Shares of FPA jumped about 13 per cent to $1.17 on the NZX on Wednesday, nearing the $1.20-a-share offer price as investors concluded it will be hard for a rival bidder to emerge given Haier has already sewn up about 37 per cent of the target company.

The “potential divestment of the Fisher & Paykel Finance business” is listed among possible changes in Haier’s takeover notice.

“It will come down to whether they feel finance is a core activity or whether other people would be prepared to pay a higher price than what they think it is worth,” said Craig Brown, senior investment analyst at OnePath.

In the year ended March 31, the finance business generated $37.8 million of normalised earnings before interest and tax, more than three times the $11.3 million FPA earned from appliances.

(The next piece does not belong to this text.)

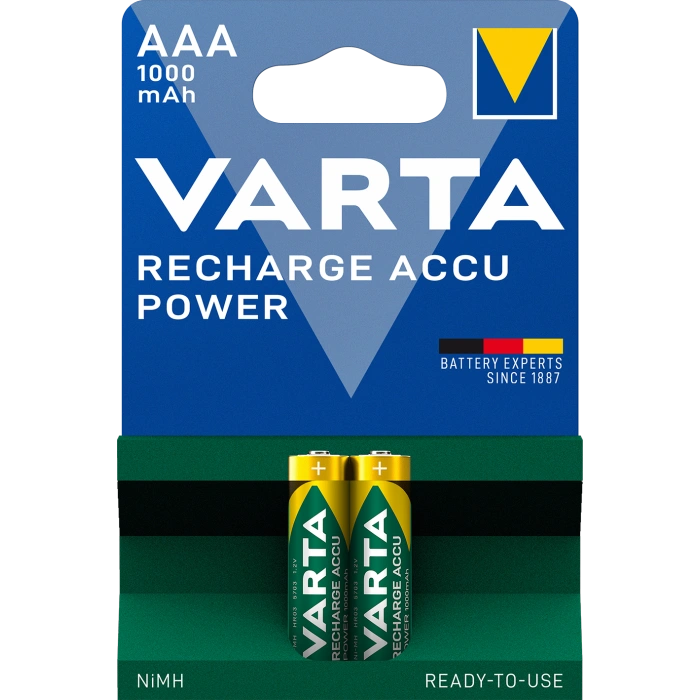 Аккумулятор AAA VARTA RECHARGEABLE ACCU 1000mAh BLI 2 NI-MH (READY 2 USE) Аккумулятор AAA VARTA RECHARGEABLE ACCU 1000mAh BLI 2 NI-MH (READY 2 USE)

FPA sees a recovery this year, with operating earnings from appliances of $35 million to $40 million, and earnings of $35 million to $38 million from the finance unit, whose products include the Farmers Finance Card and the Q card.

Chinese manufacturer Haier, FPA’s biggest shareholder with about 20 per cent, is aiming for a minimum 50 per cent acceptance and has agreement from Allan Gray Australia to sell its 17.46 per cent into the offer, giving Haier an interest in 37.46 per cent.

That “will make it difficult for anybody else to come in and gazump them,” OnePath’s Brown said.

“The key thing in the bid is that it’s only conditional on getting to 50 per cent,” said Matthew Goodson, portfolio manager at BT Funds Management. With Allan Gray’s stake locked up “$1.20 might get them there.”

The cash offer represents a 63 per cent premium over FPA’s stock price of 75 cents on Friday, before Haier disclosed its interest on Monday.